**PROVIDED RECORDS:**
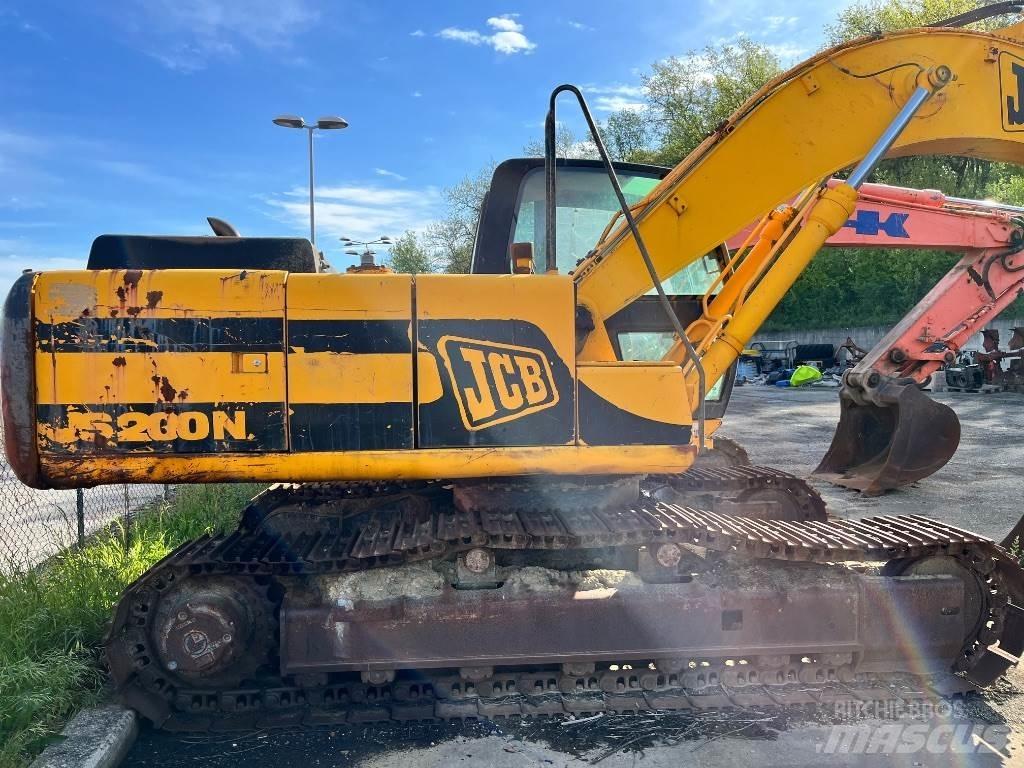 JCB JS 200 履带挖掘机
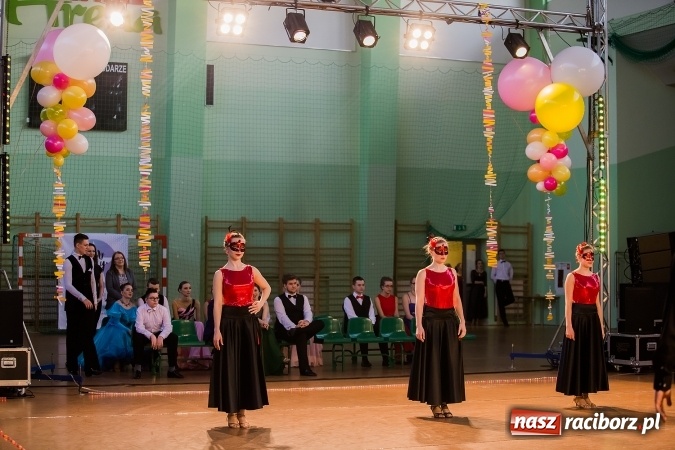 Zdjęcie w galerii na portalu naszraciborz.pl: Karnawałowa Rewia Tańca w Arenie Rafako wiadomości z regionu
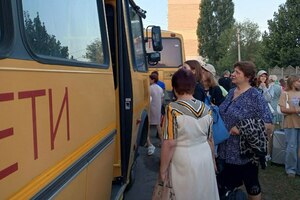 Полсотни школьников Свердловска отправились на "Университетские смены" в Ростов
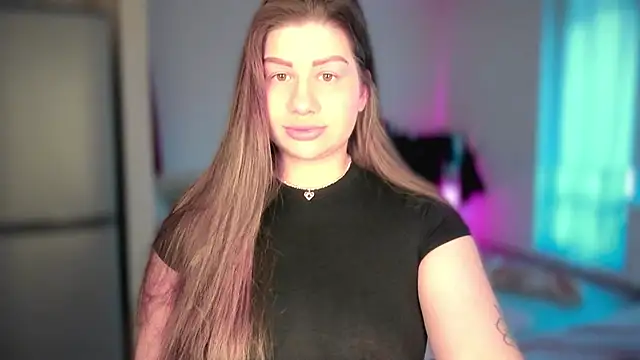 Snapshot of JuicyHelenX chatting on 04-24-26, 04:31 JuicyHelenX online show from 04-24-26, 04:31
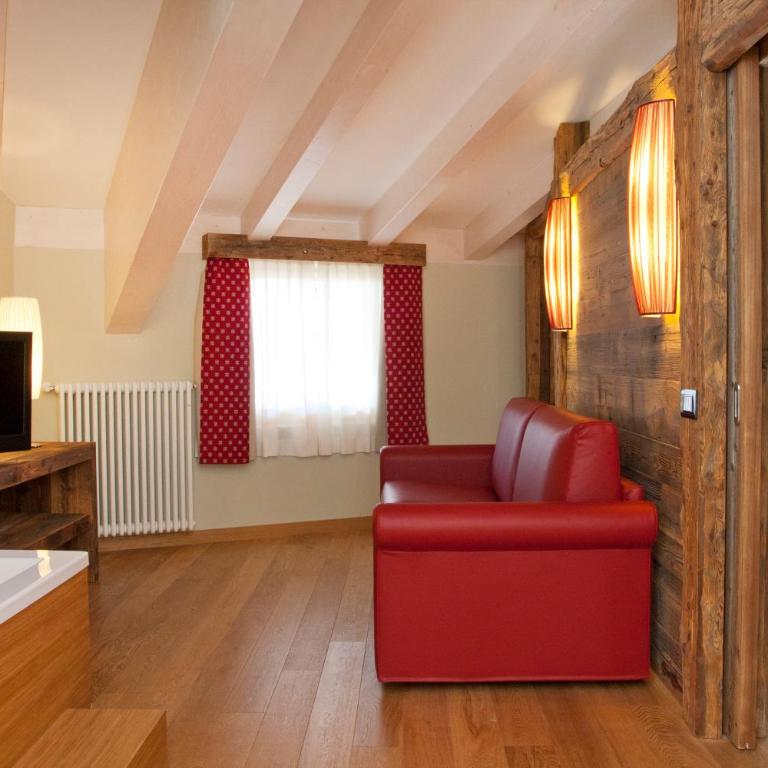Hotel Delle Alpi - Suite Deluxe con Vasca Idromassaggio - 7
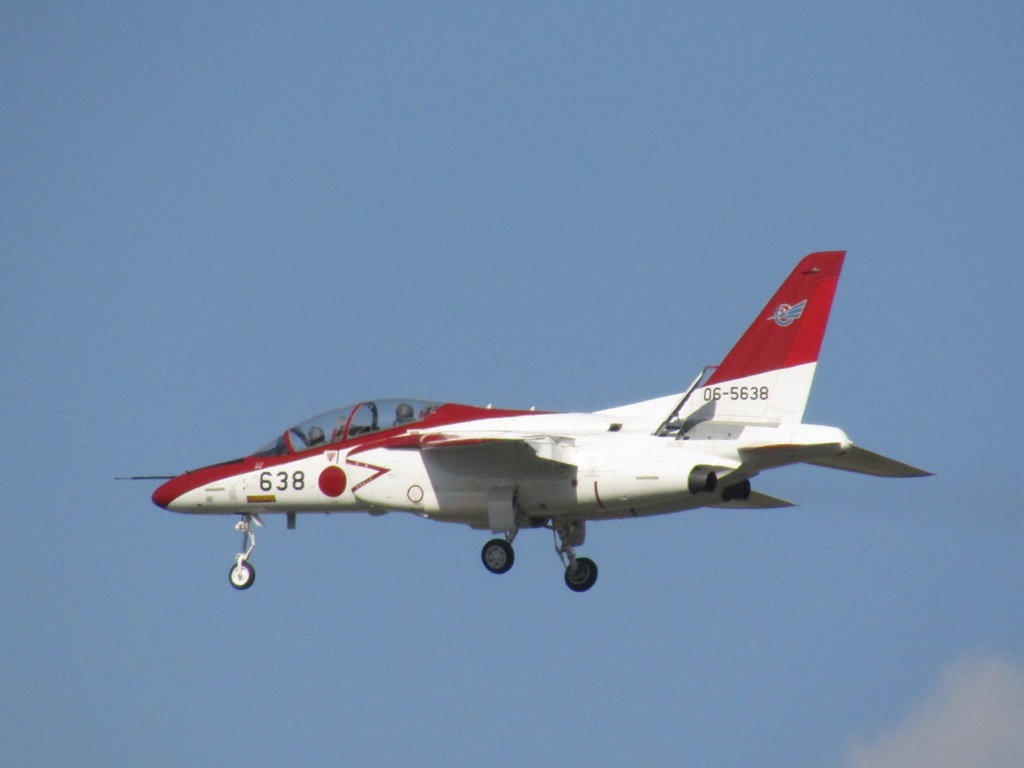 芦屋基地　T-4訓練飛行　④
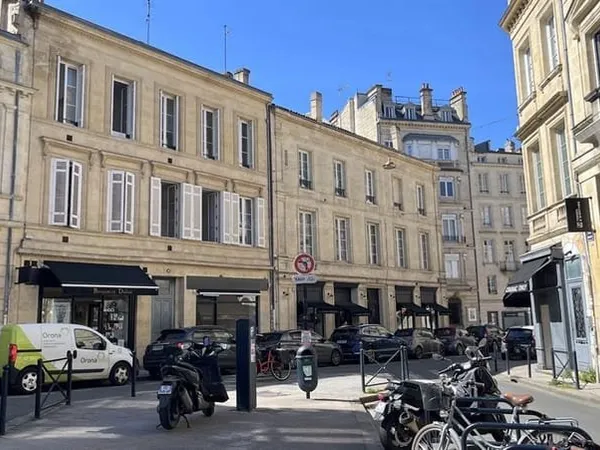 EMPLACEMENT N°1 - BAIL PRÉCAIRE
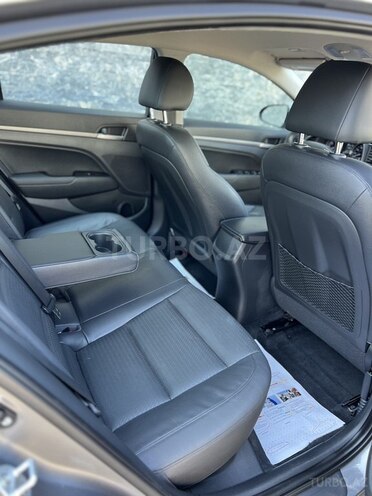 Hyundai Elantra 2016, 104,607 km - 2.0 л - Bakı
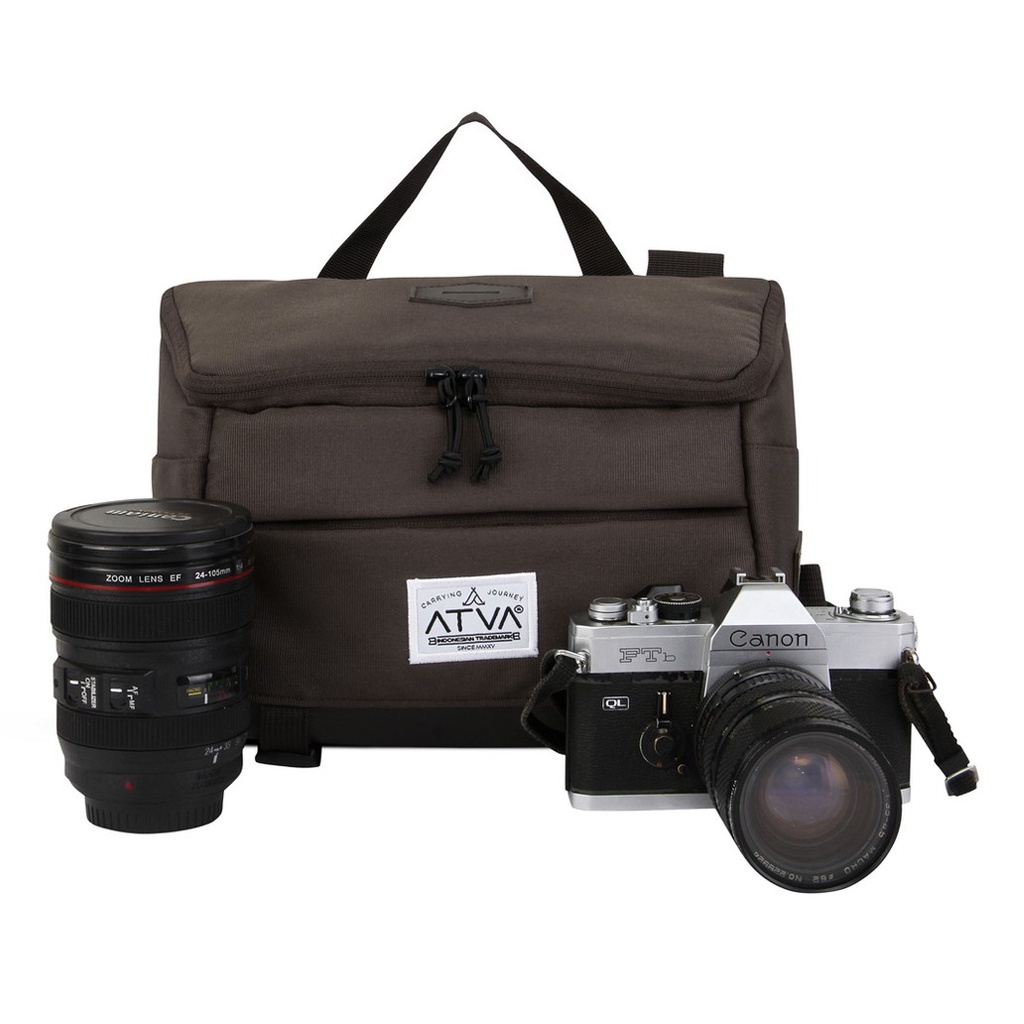 FOCUS BROWN ORIGINAL x ATVA Tas Kamera Selempang Coklat Pria Wanita Slingbag Lensa DSLR Mirrorless Tripod Sling Bag Camera Multifungsi Casual Camera Shoulder Bag Premium Unisex Shoulderbag Tas Slempang Bahu Free Rain Cover Keren Terbaru Kekinian Branded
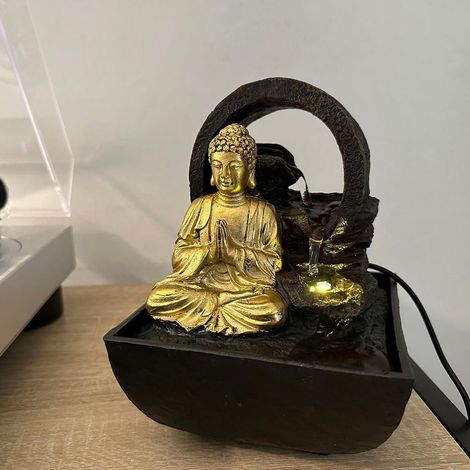 Arum Lighting – Fontaine d'intérieur LED ZENITH avec bouddha doré en résine – Hauteur 17 cm – Largeur 13 cm – Éclairage blanc chaud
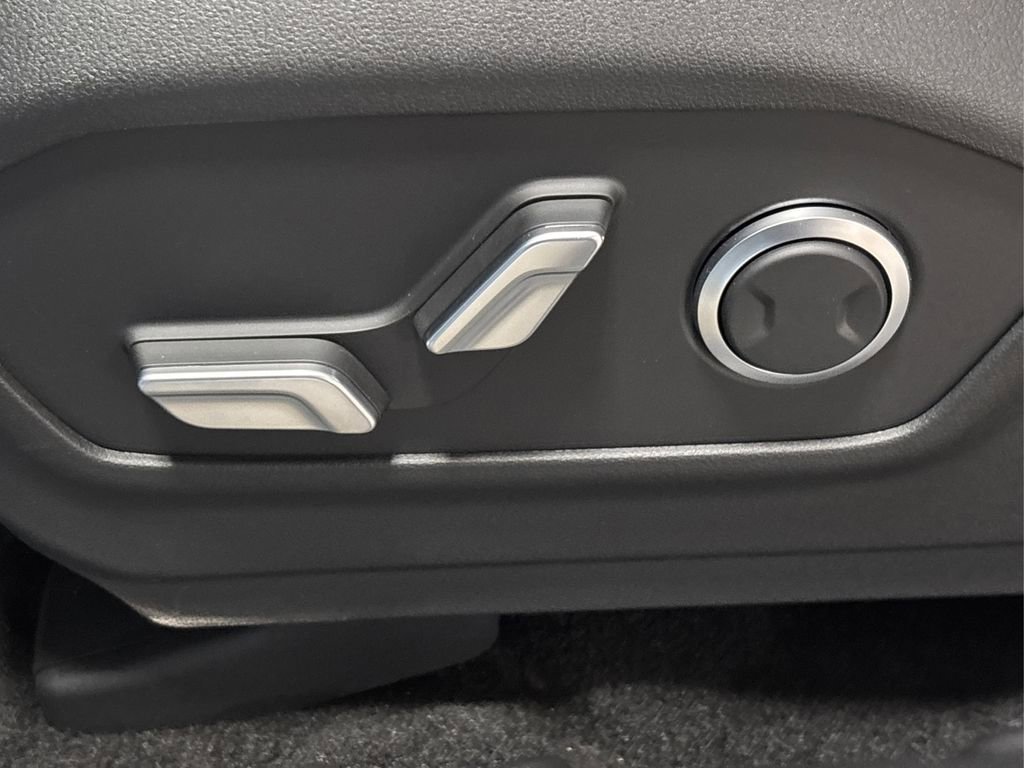 New 2026 Hyundai Santa Fe SEL image 28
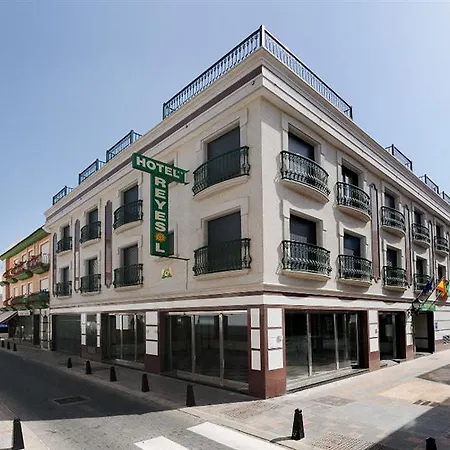 Reyesol Hotell 2*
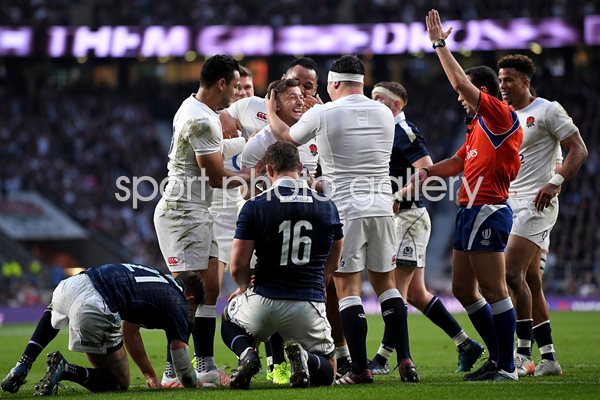 Danny Care scores England v Scotland 6 Nations 2017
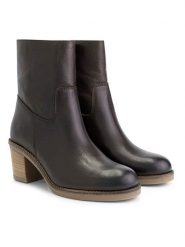 TRAVELIN' Skórzane botki "Meneac" w kolorze brązowym rozmiar: 41. Brązowe botki damskie Travelin', eleganckie, bez obcasa, na obcasie, bez zapięcia. Za 235.50 zł.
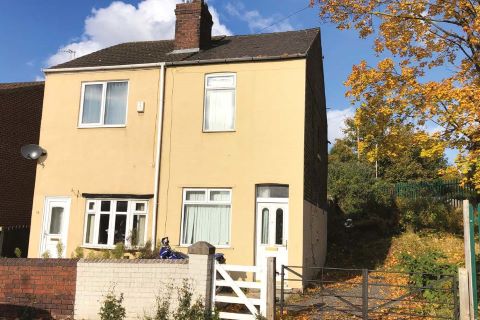 Property for auction in South Yorkshire)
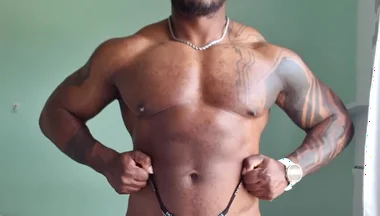 Raw Clip Posing in a Thong You Like What You See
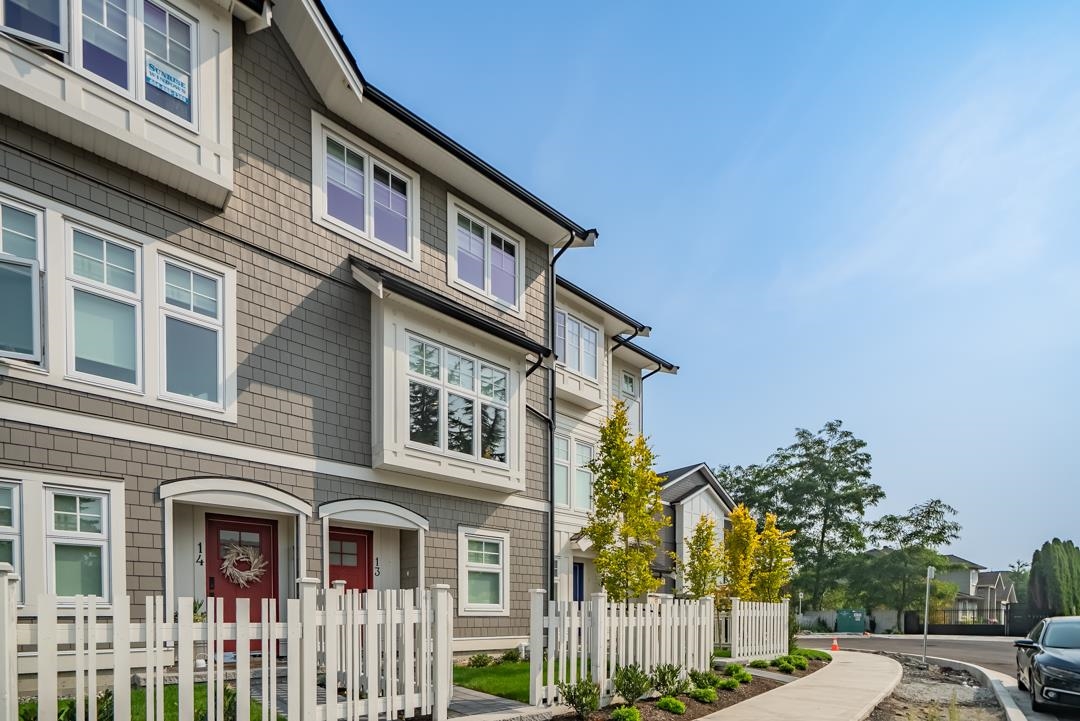 22811 Mclean Avenue 16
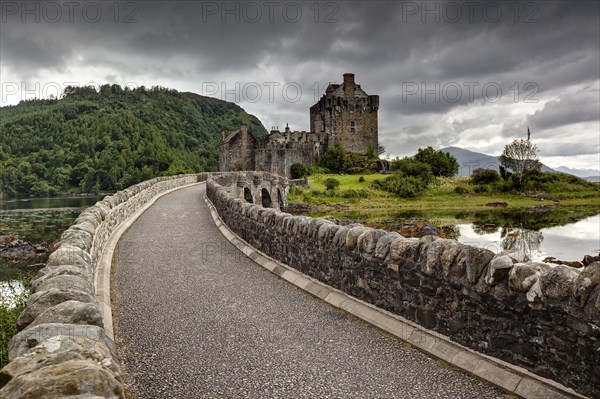 Eilean Donan Castle at the confluence of Loch Duich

**TASK INSTRUCTIONS:** Restate every line of the listing exactly. Pictures are not part of the copy.

**RESULT FOR THIS TASK:**
 JCB JS 200 履带挖掘机
 Zdjęcie w galerii na portalu naszraciborz.pl: Karnawałowa Rewia Tańca w Arenie Rafako wiadomości z regionu
 Полсотни школьников Свердловска отправились на "Университетские смены" в Ростов
 Snapshot of JuicyHelenX chatting on 04-24-26, 04:31 JuicyHelenX online show from 04-24-26, 04:31
Hotel Delle Alpi - Suite Deluxe con Vasca Idromassaggio - 7
 芦屋基地　T-4訓練飛行　④
 EMPLACEMENT N°1 - BAIL PRÉCAIRE
 Hyundai Elantra 2016, 104,607 km - 2.0 л - Bakı
 FOCUS BROWN ORIGINAL x ATVA Tas Kamera Selempang Coklat Pria Wanita Slingbag Lensa DSLR Mirrorless Tripod Sling Bag Camera Multifungsi Casual Camera Shoulder Bag Premium Unisex Shoulderbag Tas Slempang Bahu Free Rain Cover Keren Terbaru Kekinian Branded
 Arum Lighting – Fontaine d'intérieur LED ZENITH avec bouddha doré en résine – Hauteur 17 cm – Largeur 13 cm – Éclairage blanc chaud
 New 2026 Hyundai Santa Fe SEL image 28
 Reyesol Hotell 2*
 Danny Care scores England v Scotland 6 Nations 2017
 TRAVELIN' Skórzane botki "Meneac" w kolorze brązowym rozmiar: 41. Brązowe botki damskie Travelin', eleganckie, bez obcasa, na obcasie, bez zapięcia. Za 235.50 zł.
 Property for auction in South Yorkshire)
 Raw Clip Posing in a Thong You Like What You See
 22811 Mclean Avenue 16
 Eilean Donan Castle at the confluence of Loch Duich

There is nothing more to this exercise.